--- Provided data Enclosed Below ---

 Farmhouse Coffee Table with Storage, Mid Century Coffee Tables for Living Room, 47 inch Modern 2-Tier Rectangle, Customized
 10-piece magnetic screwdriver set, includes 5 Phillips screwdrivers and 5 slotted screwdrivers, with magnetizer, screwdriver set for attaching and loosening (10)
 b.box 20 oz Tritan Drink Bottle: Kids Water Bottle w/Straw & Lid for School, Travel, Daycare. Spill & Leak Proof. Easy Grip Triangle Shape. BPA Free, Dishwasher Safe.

--- End of Enclosed Provided data ---
--- Provided data Enclosed Below ---

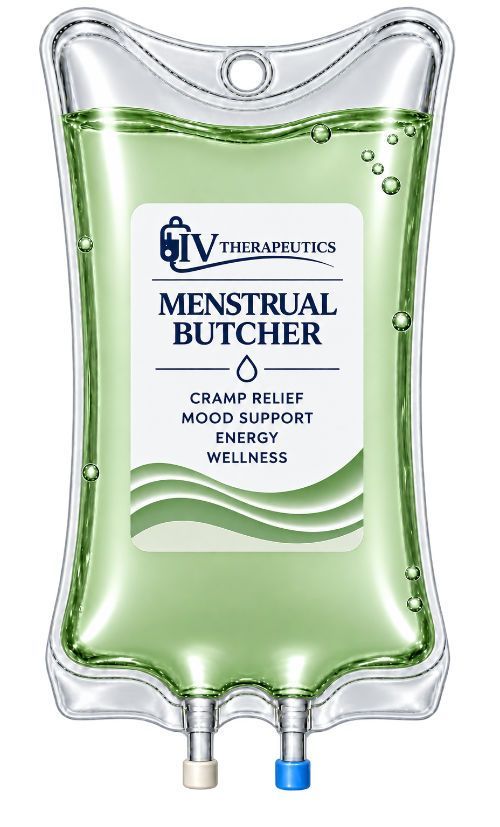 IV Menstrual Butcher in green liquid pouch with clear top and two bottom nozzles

--- End of Enclosed Provided data ---
--- Provided data Enclosed Below ---

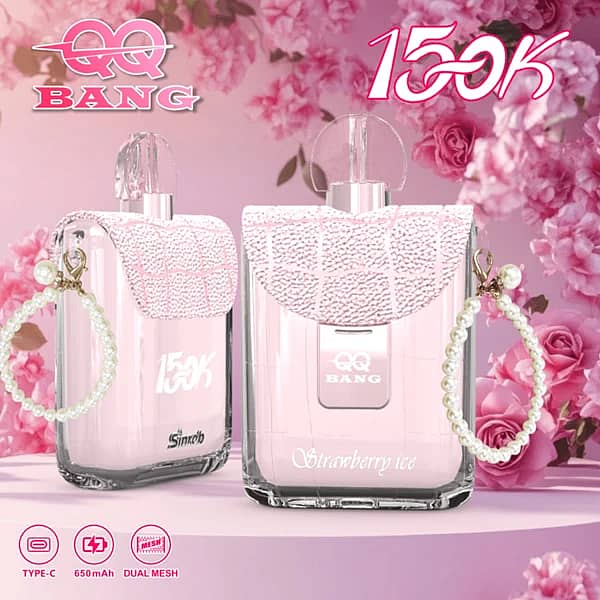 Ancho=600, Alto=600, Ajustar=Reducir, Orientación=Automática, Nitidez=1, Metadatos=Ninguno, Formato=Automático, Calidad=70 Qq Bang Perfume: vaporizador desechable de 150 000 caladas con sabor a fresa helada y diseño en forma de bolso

--- End of Enclosed Provided data ---

Activity
Once you find the line with "Farmhouse Coffee Table" above, print it and every line after it up to and including the line with "b.box 20 oz", exactly as written and nothing else.

Result of this exercise
 Farmhouse Coffee Table with Storage, Mid Century Coffee Tables for Living Room, 47 inch Modern 2-Tier Rectangle, Customized
 10-piece magnetic screwdriver set, includes 5 Phillips screwdrivers and 5 slotted screwdrivers, with magnetizer, screwdriver set for attaching and loosening (10)
 b.box 20 oz Tritan Drink Bottle: Kids Water Bottle w/Straw & Lid for School, Travel, Daycare. Spill & Leak Proof. Easy Grip Triangle Shape. BPA Free, Dishwasher Safe.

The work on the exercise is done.